FHA bailout on the way

After Fannie Mae, Freddie Mac and to some extent Ginnie Mae, it is now the FHA's turn to get a government bailout. Please consider:
Oct. 8 (Bloomberg) -- The Federal Housing Administration, which insures mortgages with low down payments, may require a U.S. bailout because it has $54 billion more in losses than it can withstand, a former Fannie Mae executive said.

“It appears destined for a taxpayer bailout in the next 24 to 36 months,” consultant Edward Pinto said in testimony prepared for a House committee hearing in Washington today. Pinto was the chief credit officer from 1987 to 1989 for Fannie Mae, the mortgage-finance company that is now government-run.

The FHA program’s volumes have quadrupled since 2006 as private lenders and insurers pulled back amid the U.S. housing slump, Pinto said. The jump has left the agency backing risky loans and exposed to fraud in a “market where prices have yet to stabilize,” he said.
[My comment: when could wonder why private lenders and insurers have pulled back. Probably because mortgage rates at artificially low level do not reflect the current risk they would be willing to take to lend?]

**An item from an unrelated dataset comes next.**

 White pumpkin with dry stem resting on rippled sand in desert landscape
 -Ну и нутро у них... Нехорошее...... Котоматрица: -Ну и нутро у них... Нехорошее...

Representative Maxine Waters, a California Democrat, said at the hearing it is a “myth” the FHA is the “next subprime.” West Virginia Republican Shelley Moore Capito touted the agency’s role in serving first-time buyers as it backs a third of loans for home purchases. She also said more consideration should be given to anti-fraud efforts and whether some consumers should pay more.
[My comment: Yes, right. Let's see what happens in the next few months...]

Falling prices will push the FHA’s single-family fund’s reserves below a 2 percent cushion above projected losses required by Congress, Stevens said last month. The shortfall will be cured in two to three years, he said today.

The idea the FHA needs a rescue is “just plain wrong,” Stevens said in an Oct. 6 letter to the Wall Street Journal. That’s in part because the FHA’s accounting method means its reserves are enough to cover more than 30 years of projected losses, assuming no revenue from new business.
[My comment: this is such a ridiculous statement that it removes all credibility from Stevens...]
Note that FHA is yet another example of unintended consequences and government interventions hazards.

Allowing people borrow a lot more than what they could in a normal market simply creates a financing bubble and is the source of rising home prices, that doesn't serve any buyer but only helps sellers. Thus defeating the very purpose of the FHA. This is exactly what happened with Fannie, Freddy, Ginnie and the housing bubble, in case anybody forgot that, now that the recession is over and the S&P back at in the thousands points.

Of course, when you only require to put in a 3% downpayment maximum (down to 0% if you include the $8,000 tax credit for home priced at less than about $260k-280k), you simply create a moral hazard since there's a huge incentive for borrowers to walk away as soon as they mortgage becomes 'underwater'.

From Wikipedia:
The Federal Housing Administration (FHA) is a United States government agency created as part of the National Housing Act of 1934. The goals of this organization are: to improve housing standards and conditions; to provide an adequate home financing system through insurance of mortgage loans; and to stabilize the mortgage market.
Following the Subprime mortgage crisis, FHA, along with Fannie Mae and Freddie Mac, became the source of much of the United States mortgage financing. The share of FHA mortgages went from 2 percent to over one-third of mortgages in the country. Without the subprime market, many of the riskiest borrowers ended up borrowing from the Federal Housing Administration, and the FHA could suffer substantial losses. Joshua Zumbrun and Maurna Desmond of Forbes have written that eventual government losses from the FHA could reach $100 billion
A borrowers downpayment may come from a number of sources. The 3.5% requirement can be satisfied with the borrower using their own cash or receiving a gift from a family member, their employer, labor union, non-profit or government entity.